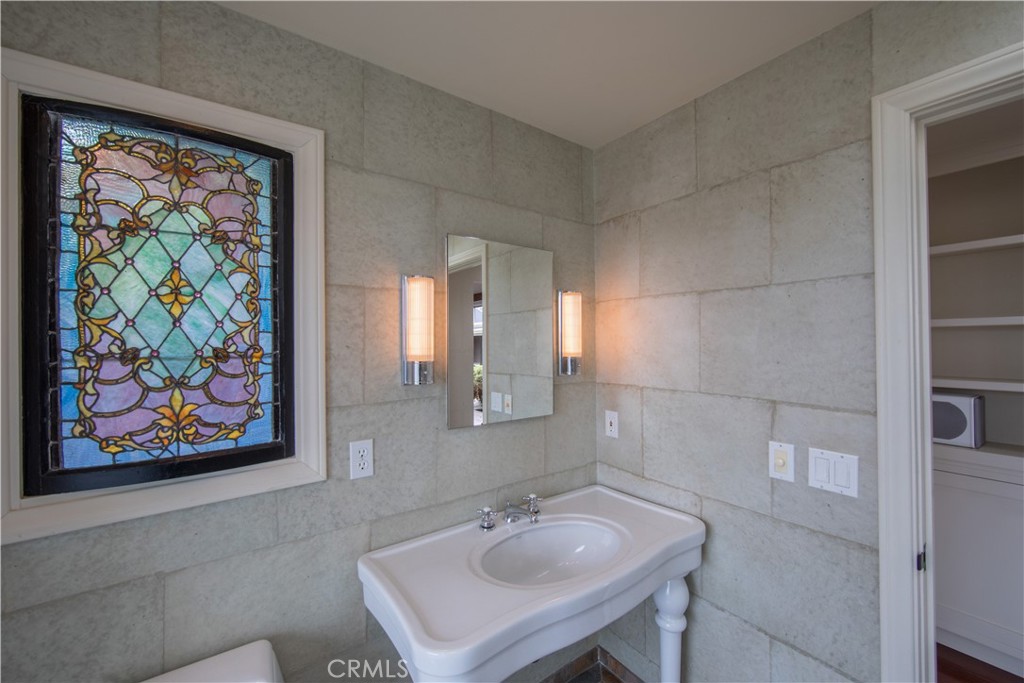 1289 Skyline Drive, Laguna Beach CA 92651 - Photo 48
--
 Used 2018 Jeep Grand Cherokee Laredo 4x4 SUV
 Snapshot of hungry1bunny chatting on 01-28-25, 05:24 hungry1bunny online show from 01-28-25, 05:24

Task to complete: Copy back the listing above exactly, but only from the line with "Used 2018 Jeep Grand Cherokee Laredo 4x4 SUV" through the line with "Snapshot of hungry1bunny", both ends included.

Output below:
 Used 2018 Jeep Grand Cherokee Laredo 4x4 SUV
 Snapshot of hungry1bunny chatting on 01-28-25, 05:24 hungry1bunny online show from 01-28-25, 05:24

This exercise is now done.